[Problem statement]:
Set down, exactly and only, everything from the line containing "Maurice Lacroix MP6348-SS002-32E 3" down to the line containing "Foto 9 von 9: One-Bedroom" in the data below; the pictures are not part of the copy.
Records to use section start
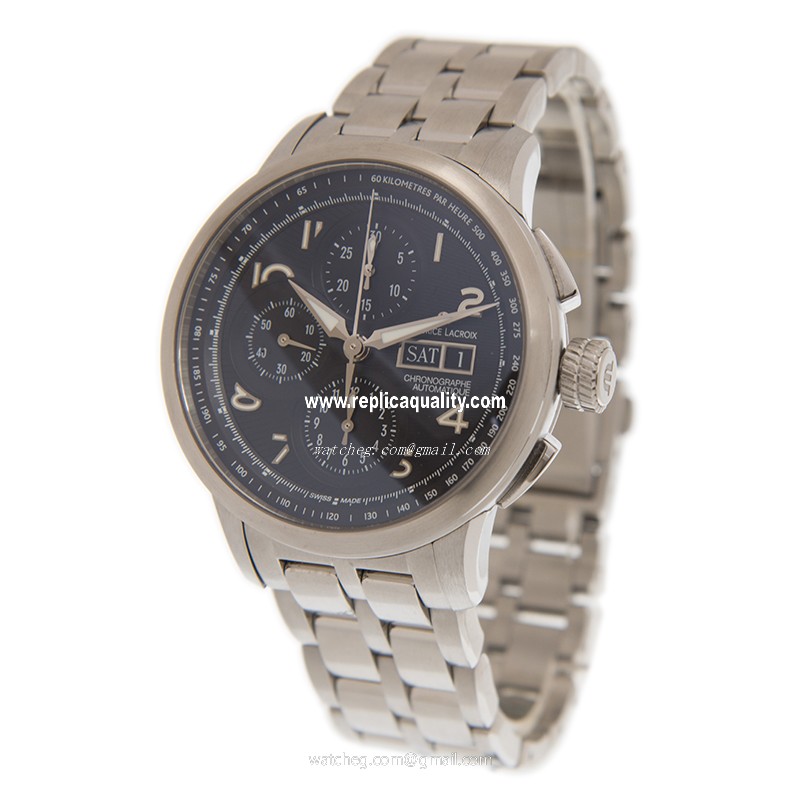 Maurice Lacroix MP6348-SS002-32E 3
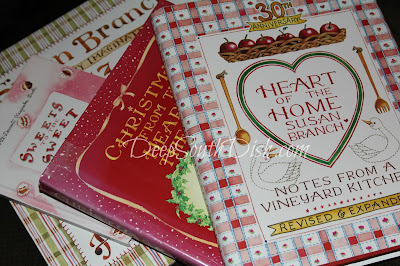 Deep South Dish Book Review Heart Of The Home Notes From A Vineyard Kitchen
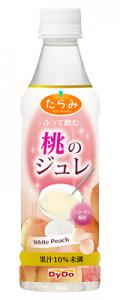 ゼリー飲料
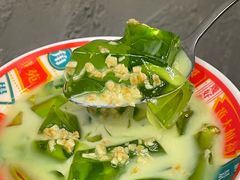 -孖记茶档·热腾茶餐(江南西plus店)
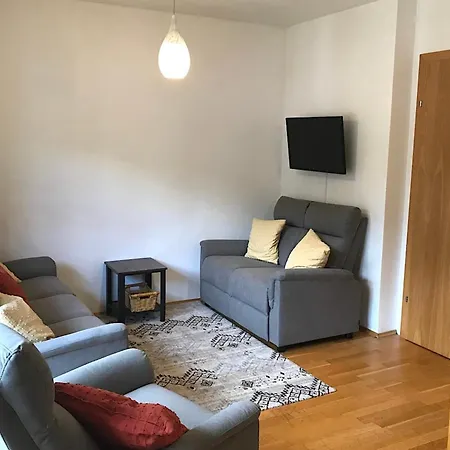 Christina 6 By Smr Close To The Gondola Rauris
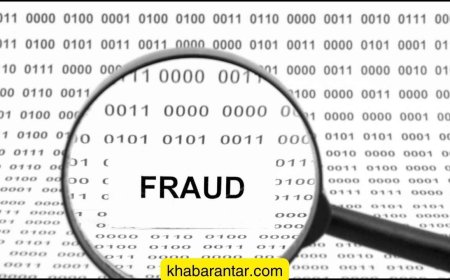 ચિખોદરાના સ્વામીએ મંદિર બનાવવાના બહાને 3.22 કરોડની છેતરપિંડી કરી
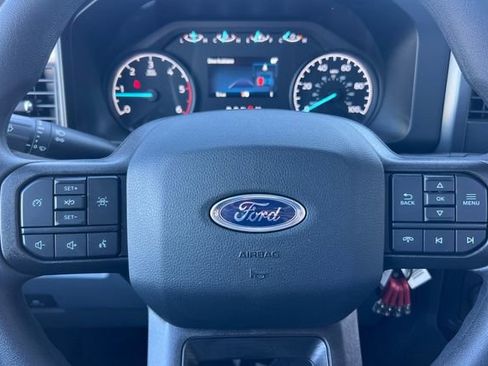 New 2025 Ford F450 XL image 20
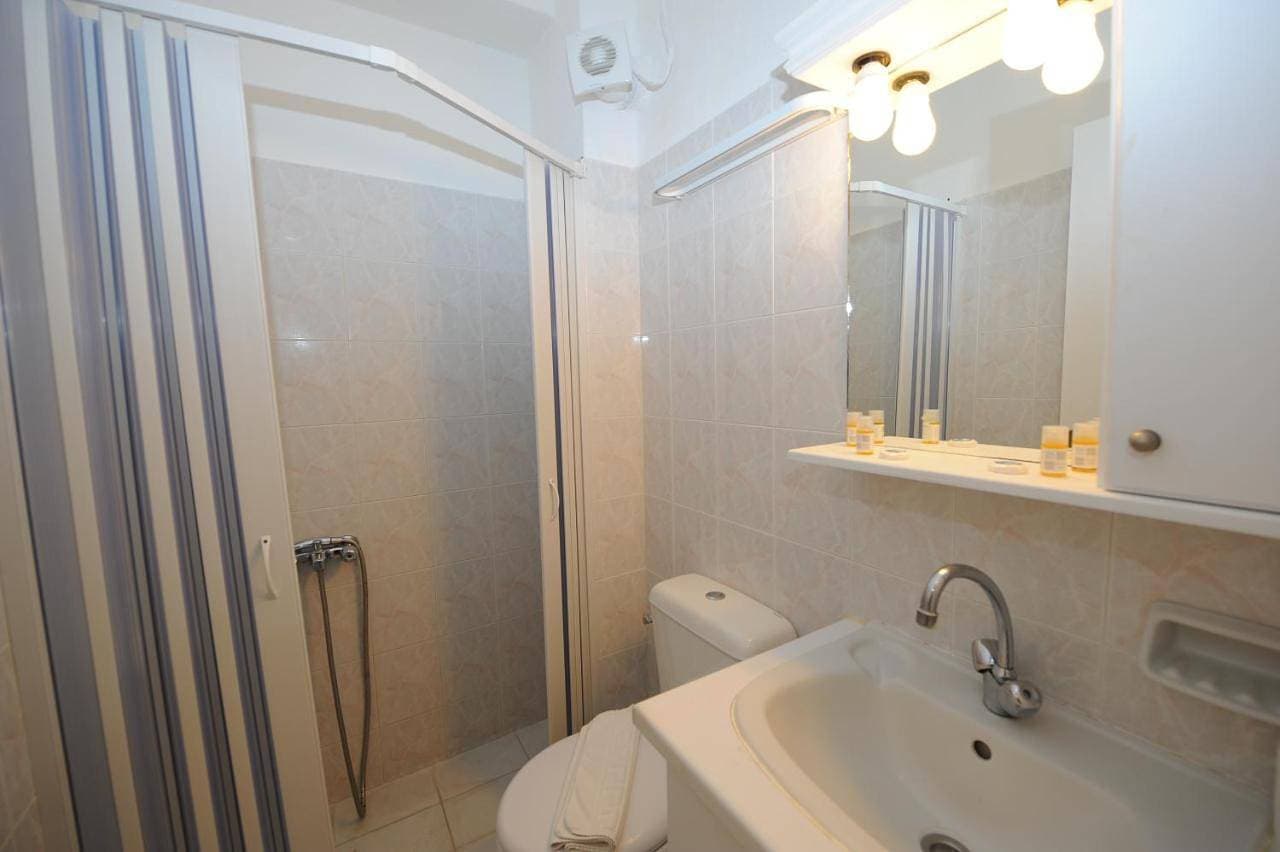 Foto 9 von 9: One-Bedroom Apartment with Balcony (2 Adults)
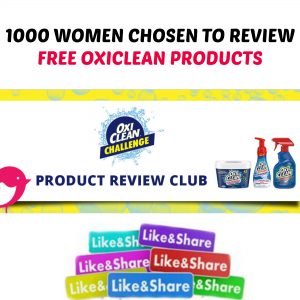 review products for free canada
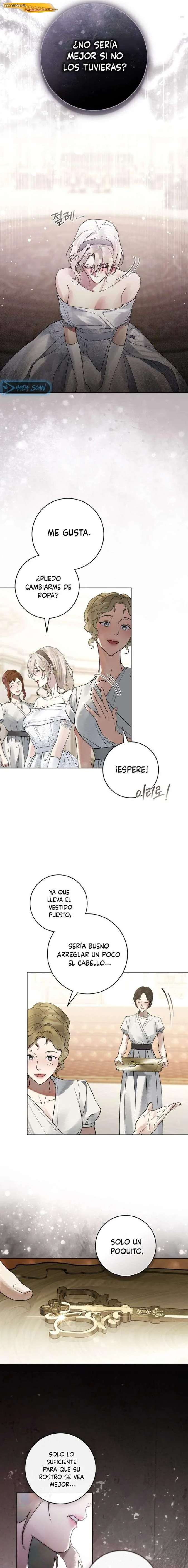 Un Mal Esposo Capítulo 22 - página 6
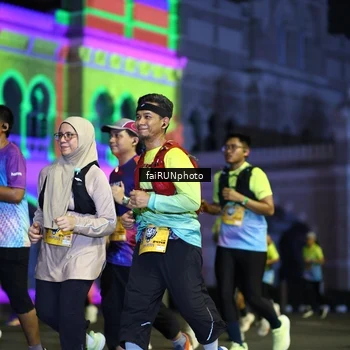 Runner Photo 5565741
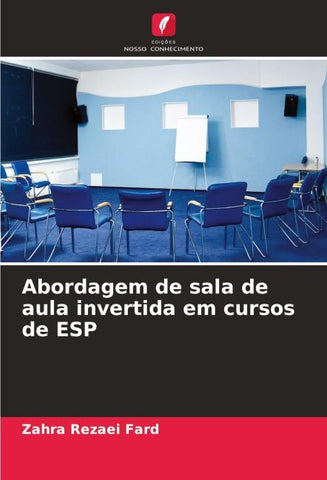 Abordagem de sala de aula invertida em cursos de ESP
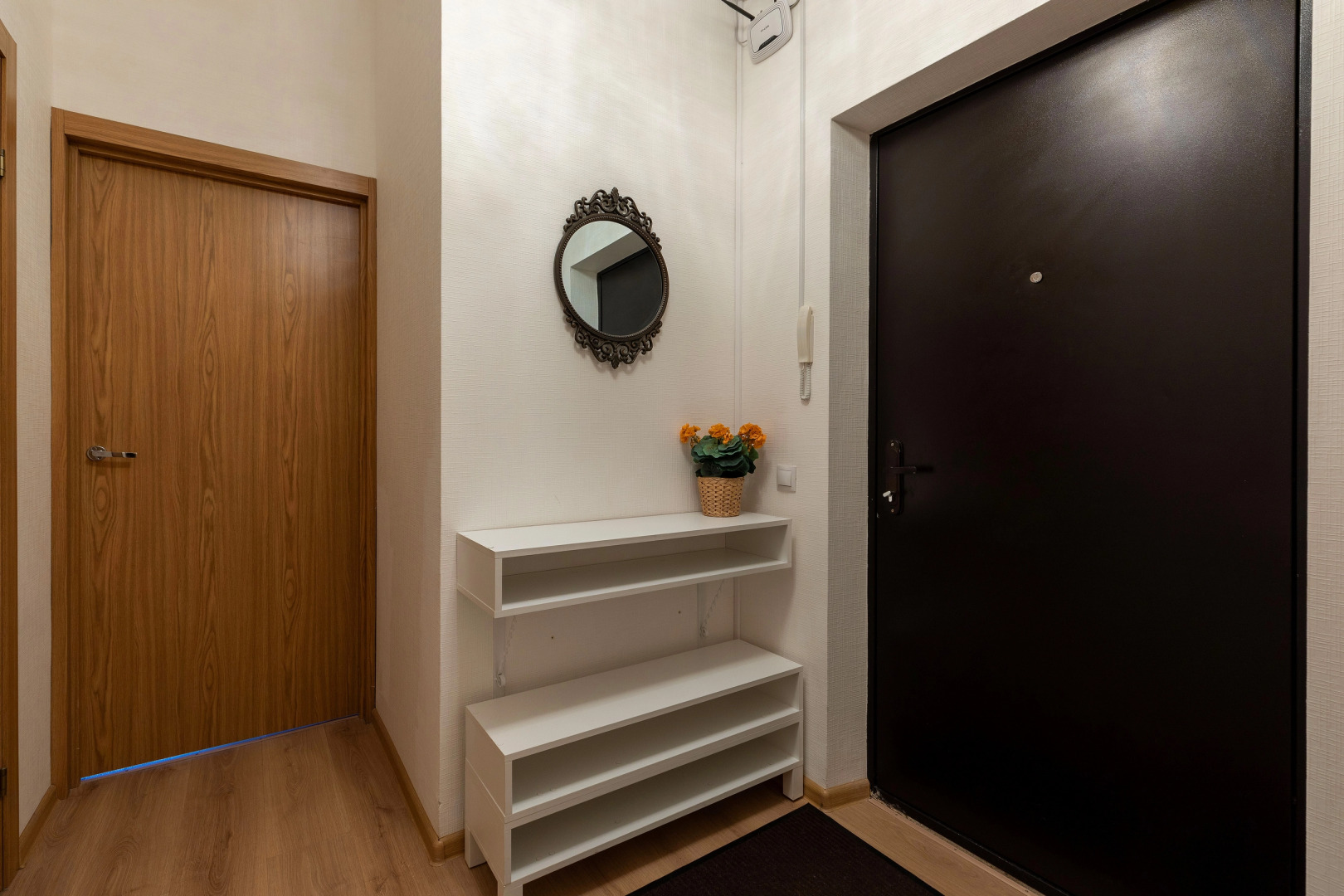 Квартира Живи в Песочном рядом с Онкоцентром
Records to use section end
Records to use section start
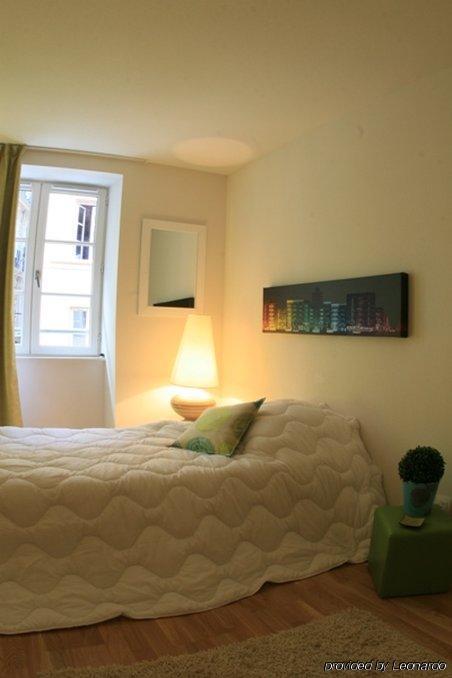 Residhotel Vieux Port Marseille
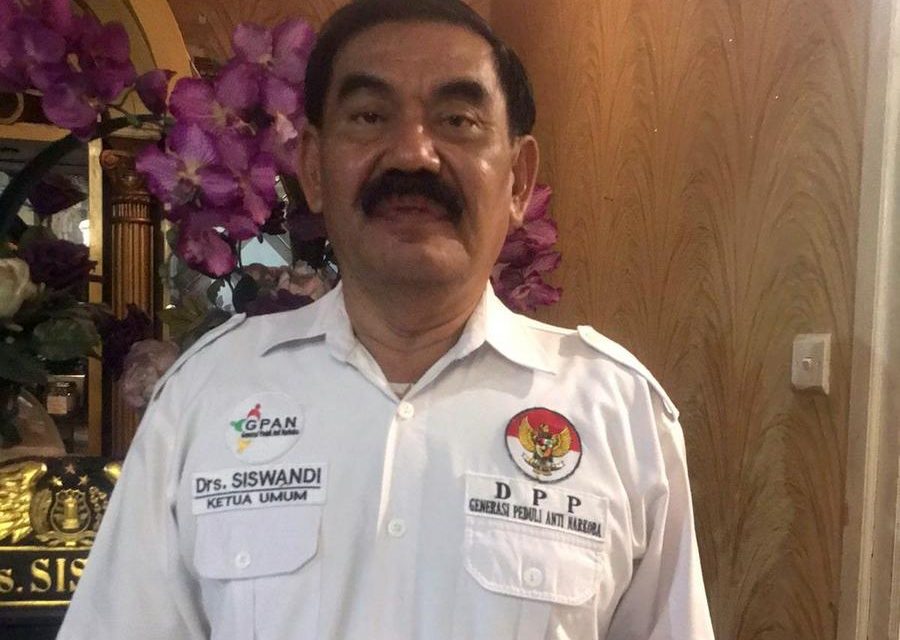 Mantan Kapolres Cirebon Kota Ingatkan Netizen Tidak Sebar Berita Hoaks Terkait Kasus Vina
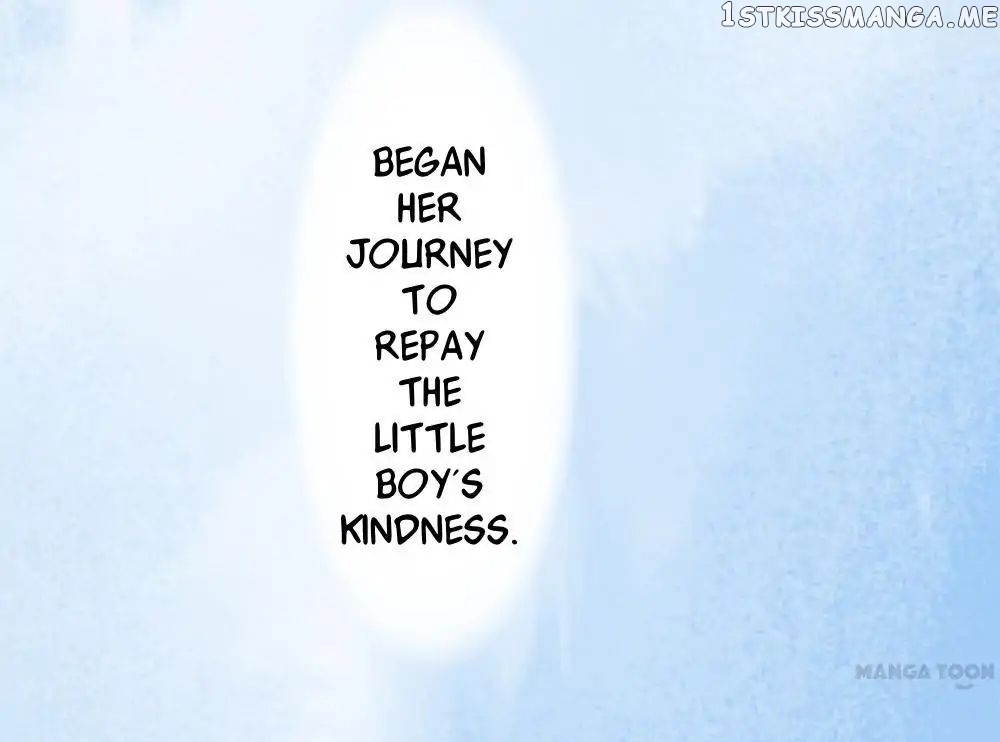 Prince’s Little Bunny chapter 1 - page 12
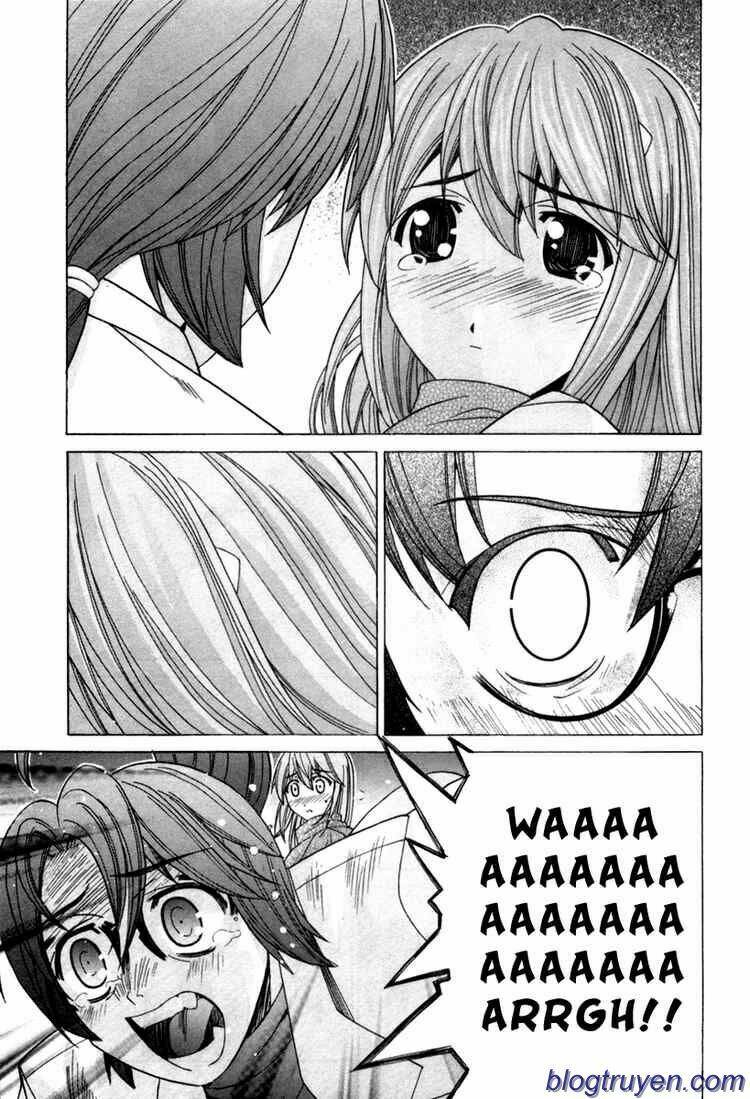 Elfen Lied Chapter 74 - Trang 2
Records to use section end
[Exercise answer]:
 Maurice Lacroix MP6348-SS002-32E 3
 Deep South Dish Book Review Heart Of The Home Notes From A Vineyard Kitchen
 ゼリー飲料
 -孖记茶档·热腾茶餐(江南西plus店)
 Christina 6 By Smr Close To The Gondola Rauris
 ચિખોદરાના સ્વામીએ મંદિર બનાવવાના બહાને 3.22 કરોડની છેતરપિંડી કરી
 New 2025 Ford F450 XL image 20
 Foto 9 von 9: One-Bedroom Apartment with Balcony (2 Adults)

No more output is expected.